Music Lyrics Analyzer: how to handle repeated lyrics?
Hey guys,
I'm currently working on an automatic Music Lyrics Analyzer. The MLA uses text analytics methods based on an established platform to analyze the vocabulary used in song lyrics of different interpreters / genres and build clusters of songs based on their lyrics. In many songs, some sections of lyrics are repeated twice, indicated by a string string “x2".
In my opinion, I have to account for those repetition to avoid screwed classification model's results. Do you agree? If yes, how to handle this? Which operators should I choose?
Many thanks for your help! Have a good day!
Answers
-
hmm I'm not really sure about whether or not you should be weighting the repetitions or not but if you use tokenization and TFIDF, the repetitions will be weighted accordingly anyway.
Scott0 -
Thanks a lot for your answer. I will try it out!
Cheers
0 -
Just to make sure that everyone gets my question right: The repetitions are only indicated by a string x2, the text itself is not included twice in the songtext. So we have to do some transformations that the text really appears twice, right? Any ideas how we can do this?

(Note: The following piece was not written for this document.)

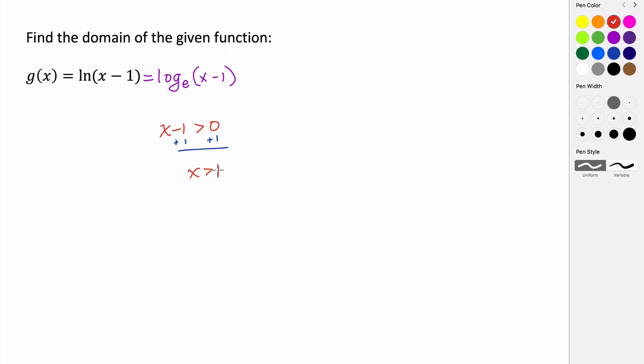And those are the only values of x that we can use in this function. So our domain for this function is restricted to be from the values of 1 and then all the way off to infinity. So that's our domain.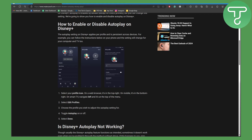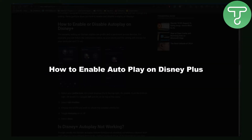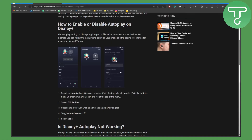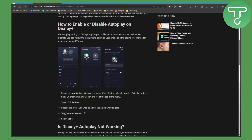Hey guys, this is Umair from TutorialsHub and welcome back to another video. In this one we will be discussing how to enable autoplay on Disney Plus. Before we dive into the video, there is a link in the description of this video using which you can officially support our channel.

I think what Scott suggested is what comes one step later.
Thanks
0 -
Hi,
it depends a bit on how the lyrics are returned. One token per line or stanza. If this is the case you can play with regular expressions and the replace Operator.
Perhaps a bit cumbersome, but something like this should do the trick:
- Replace what: (.+) x2
- Replace with: $1 $1
Then you can repeat that pattern for x3, x4, ...
Hope this helps.
2 -
Regular expressions are probably the best approach here indeed, but the quality will depend on your original data. The one given by David would work already to some extend but since it's greedy it can strip too much data if you have multiple x2's in your data. If your structure is as follows (so with linebreaks) :
some sentence
another sentence x2
yet again another sentence
and some other x2
The regular expression that will work best in that case is (?m)^(.*?) x2$
Roughly translated this means for any line you see start at the beginning and then group everything that appears untill the first time you see x2.

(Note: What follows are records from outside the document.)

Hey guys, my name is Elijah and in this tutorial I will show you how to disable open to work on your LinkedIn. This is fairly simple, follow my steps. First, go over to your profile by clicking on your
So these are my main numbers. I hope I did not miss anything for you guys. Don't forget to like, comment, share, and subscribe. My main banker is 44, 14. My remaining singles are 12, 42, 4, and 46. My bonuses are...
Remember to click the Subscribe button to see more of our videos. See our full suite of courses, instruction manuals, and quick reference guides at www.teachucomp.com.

So replace it then with $1 $1 will give you the same string twice. If there is no x2 in the strin/line it will simply keep the original.
if everything is in one line (.*?) x2 will do fine also, but ensure you use the questionmark if you have more than one time x2 in your string. This will ensure the capture stops as soon as it finds an x2, otherwise it will take everything untill the last time it finds an x2
Note that if your 2x would be in parantheses it will become like this (.*?) \(x2\)
2 -
Thanks a lot guys! I need to try it out to see if the results are satisfying.
1